Heterogeneous lists

Summary: We delve more deeply into Scheme’s list data type. We consider, in particular, how and why to make lists that contain different kinds of values.

Introduction: Representing data

As we’ve said, computer scientists study both the algorithms we write to manipulate information and the ways in which we represent information. We’ve looked at one way of representing collections so far, lists. As we’ve explored lists, we’ve focused on lists that contain all the same kinds of values, mostly lists of numbers. We call such lists “homogeneous lists”. But lists can contain mixtures of kinds of values. We call lists with mixtures of kinds of values “heterogeneous lists”.

An Example: UFO sightings

Here’s one example of a heterogeneous list. Consider the list of UFO sightings available at http://www.ufocasebook.com/casefiles.html. For each sighting we have a year, a name, a date (or date-like description), a location (mostly a country), a Yes/No for effect, media, contact, and abduction. (You can look at the page for what each of those mean.) We might therefore represent each entry as an eight element list.

• Element 0 is the year, which we will represent as an integer.
• Element 1 is the name, which we will represent as a string.
• Element 2 is the date, which we will represent as a string. (We generally prefer year, month, day for dates.

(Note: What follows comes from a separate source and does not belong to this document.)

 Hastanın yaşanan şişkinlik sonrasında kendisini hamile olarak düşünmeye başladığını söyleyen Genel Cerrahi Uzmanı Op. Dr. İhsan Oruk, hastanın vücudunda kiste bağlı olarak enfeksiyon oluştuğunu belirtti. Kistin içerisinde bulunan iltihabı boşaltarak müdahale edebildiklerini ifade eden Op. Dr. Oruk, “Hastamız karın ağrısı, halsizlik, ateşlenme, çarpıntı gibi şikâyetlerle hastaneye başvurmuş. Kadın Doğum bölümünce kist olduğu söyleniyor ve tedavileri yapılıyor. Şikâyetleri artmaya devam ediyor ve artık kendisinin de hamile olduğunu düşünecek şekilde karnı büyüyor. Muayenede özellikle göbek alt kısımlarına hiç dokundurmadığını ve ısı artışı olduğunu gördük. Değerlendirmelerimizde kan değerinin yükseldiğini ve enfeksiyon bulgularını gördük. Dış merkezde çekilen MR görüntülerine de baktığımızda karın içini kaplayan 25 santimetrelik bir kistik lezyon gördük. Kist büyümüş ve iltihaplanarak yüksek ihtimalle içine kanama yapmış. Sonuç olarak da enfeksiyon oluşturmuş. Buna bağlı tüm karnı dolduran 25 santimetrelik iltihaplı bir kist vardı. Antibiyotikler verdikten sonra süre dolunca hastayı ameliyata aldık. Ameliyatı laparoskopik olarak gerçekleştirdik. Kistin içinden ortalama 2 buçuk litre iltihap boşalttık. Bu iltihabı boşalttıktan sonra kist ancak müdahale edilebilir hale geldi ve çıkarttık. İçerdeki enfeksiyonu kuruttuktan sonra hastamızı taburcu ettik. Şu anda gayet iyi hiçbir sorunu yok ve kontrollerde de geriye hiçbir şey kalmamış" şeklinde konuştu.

But those are not available in this case.)
• Element 3 is the location, which we will represent as a string.
• Element 4 indicates whether or not there was a physical effect; we will represent it as a Boolean value (#t or #f).
• Element 5 indicates whether or not there are associated media; once again, we will represent it as a Boolean value.
• Element 6 indicates that contact was made; yet again, we will use a Boolean value.
• Element 7 indicates that someone was abducted; as you might guess, we’ll use a Boolean value.

For example, here’s what we might see for one entry.

'(1969 "The Russian Crash - Sverdlovsky" "Mar, 1969" "Russia" #t #t #t #f)


Why did we start with zero, rather than one? Because lists, like strings, are “zero indexed”. The index represents the number of items that come before the element.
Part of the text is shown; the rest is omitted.